▶ **TASK DETAILS**: Show, from the records below, all lines that contain the word "Miami".

Short text fragments from websites
· · · · ·

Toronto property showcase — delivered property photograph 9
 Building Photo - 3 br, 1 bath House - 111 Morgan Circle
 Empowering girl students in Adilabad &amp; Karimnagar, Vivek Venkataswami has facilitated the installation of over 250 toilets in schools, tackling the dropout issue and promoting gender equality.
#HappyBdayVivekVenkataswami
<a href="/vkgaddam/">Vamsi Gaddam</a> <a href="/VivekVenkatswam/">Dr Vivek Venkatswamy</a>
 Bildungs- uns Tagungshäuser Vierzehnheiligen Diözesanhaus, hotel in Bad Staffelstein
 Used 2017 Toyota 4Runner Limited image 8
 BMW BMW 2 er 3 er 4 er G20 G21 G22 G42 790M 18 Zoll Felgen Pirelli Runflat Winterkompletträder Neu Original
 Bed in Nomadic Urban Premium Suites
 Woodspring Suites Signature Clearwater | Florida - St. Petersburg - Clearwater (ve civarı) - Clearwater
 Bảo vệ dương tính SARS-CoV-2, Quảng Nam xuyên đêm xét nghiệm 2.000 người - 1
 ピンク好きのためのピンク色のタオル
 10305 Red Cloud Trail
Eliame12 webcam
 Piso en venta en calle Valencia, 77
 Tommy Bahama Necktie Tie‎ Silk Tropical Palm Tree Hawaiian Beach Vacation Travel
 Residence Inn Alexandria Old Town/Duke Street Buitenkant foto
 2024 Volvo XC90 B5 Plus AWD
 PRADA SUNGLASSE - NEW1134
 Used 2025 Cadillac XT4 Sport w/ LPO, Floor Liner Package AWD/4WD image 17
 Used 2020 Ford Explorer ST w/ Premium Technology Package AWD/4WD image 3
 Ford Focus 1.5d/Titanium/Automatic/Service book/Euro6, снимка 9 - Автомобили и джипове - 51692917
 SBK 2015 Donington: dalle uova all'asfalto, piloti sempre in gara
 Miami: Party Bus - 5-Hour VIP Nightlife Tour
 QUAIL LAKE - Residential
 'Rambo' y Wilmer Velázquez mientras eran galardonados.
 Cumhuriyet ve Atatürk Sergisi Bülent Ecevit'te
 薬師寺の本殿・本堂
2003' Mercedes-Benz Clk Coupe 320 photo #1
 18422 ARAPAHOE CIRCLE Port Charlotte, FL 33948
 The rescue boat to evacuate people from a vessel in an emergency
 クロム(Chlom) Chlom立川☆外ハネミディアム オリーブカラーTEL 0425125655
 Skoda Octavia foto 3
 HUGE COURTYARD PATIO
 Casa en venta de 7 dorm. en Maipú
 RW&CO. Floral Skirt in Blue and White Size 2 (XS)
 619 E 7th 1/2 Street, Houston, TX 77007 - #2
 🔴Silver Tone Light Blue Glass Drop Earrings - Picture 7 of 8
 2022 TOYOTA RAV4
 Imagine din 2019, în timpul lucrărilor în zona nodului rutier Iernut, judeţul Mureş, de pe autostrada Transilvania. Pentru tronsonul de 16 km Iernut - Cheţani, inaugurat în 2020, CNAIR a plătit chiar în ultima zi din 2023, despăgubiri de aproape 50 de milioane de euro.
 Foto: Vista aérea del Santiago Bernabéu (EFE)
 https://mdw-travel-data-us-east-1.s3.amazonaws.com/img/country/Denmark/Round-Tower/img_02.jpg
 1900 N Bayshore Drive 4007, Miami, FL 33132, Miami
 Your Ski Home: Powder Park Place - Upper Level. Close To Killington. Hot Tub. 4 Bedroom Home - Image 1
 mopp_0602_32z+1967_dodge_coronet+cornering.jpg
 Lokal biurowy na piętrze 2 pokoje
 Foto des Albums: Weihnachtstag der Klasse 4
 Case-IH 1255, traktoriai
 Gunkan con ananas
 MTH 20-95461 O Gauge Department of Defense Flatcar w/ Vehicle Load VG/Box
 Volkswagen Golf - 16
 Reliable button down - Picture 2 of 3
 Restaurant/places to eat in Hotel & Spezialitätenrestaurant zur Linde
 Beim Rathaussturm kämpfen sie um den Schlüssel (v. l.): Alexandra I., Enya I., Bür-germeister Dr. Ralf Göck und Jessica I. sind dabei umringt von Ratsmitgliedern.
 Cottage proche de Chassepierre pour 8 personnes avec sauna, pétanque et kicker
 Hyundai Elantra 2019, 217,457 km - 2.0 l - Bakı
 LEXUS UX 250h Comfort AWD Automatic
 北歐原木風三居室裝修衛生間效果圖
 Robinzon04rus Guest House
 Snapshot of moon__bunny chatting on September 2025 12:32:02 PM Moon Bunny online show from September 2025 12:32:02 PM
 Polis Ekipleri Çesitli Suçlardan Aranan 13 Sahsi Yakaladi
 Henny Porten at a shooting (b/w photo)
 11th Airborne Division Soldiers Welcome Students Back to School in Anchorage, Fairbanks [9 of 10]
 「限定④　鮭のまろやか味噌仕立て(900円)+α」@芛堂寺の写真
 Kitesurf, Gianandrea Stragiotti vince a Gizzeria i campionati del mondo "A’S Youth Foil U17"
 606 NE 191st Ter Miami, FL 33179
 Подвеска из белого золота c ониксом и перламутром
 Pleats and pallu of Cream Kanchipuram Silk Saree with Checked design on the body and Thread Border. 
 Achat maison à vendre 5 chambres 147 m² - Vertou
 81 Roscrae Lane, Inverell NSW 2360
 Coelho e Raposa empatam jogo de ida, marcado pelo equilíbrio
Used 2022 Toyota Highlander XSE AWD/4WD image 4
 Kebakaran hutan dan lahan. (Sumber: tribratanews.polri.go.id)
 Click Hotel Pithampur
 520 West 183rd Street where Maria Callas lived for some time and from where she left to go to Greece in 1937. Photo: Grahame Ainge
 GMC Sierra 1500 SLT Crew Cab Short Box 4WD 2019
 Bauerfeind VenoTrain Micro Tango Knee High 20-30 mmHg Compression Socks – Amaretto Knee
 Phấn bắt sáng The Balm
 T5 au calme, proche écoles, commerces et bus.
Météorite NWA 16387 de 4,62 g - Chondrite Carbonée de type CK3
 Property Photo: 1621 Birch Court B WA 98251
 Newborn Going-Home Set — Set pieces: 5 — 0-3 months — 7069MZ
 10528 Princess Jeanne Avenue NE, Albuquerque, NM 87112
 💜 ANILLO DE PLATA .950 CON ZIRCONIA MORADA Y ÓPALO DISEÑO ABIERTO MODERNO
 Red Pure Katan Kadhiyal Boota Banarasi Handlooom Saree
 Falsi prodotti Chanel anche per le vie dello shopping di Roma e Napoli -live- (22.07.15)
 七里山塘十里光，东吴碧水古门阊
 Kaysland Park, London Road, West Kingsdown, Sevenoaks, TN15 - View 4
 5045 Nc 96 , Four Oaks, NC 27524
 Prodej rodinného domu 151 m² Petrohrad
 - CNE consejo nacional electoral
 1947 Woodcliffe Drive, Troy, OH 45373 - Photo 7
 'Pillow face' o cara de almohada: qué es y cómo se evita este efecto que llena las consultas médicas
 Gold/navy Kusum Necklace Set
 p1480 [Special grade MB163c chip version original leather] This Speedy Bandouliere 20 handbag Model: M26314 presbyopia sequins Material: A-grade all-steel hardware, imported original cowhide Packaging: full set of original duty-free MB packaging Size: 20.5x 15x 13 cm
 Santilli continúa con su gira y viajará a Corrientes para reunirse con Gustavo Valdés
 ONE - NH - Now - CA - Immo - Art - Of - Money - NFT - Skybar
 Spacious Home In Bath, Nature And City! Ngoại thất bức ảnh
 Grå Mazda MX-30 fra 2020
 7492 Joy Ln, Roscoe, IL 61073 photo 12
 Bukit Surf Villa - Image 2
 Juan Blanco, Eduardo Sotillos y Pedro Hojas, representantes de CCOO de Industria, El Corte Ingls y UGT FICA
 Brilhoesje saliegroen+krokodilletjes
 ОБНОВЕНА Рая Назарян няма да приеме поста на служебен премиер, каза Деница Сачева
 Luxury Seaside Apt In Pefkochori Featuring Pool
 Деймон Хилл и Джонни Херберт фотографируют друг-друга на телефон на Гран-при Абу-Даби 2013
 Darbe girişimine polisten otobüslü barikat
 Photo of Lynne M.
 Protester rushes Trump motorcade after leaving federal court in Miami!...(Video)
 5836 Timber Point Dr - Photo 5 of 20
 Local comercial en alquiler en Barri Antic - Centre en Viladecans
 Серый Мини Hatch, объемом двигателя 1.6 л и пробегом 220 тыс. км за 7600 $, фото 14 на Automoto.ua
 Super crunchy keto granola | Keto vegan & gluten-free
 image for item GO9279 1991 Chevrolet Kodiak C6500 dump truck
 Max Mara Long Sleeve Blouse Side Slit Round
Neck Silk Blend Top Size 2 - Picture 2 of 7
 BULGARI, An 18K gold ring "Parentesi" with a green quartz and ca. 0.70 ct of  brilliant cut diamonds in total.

· · · · ·

▶ **RESULT**:
 Miami: Party Bus - 5-Hour VIP Nightlife Tour
 1900 N Bayshore Drive 4007, Miami, FL 33132, Miami
 606 NE 191st Ter Miami, FL 33179
 Protester rushes Trump motorcade after leaving federal court in Miami!...(Video)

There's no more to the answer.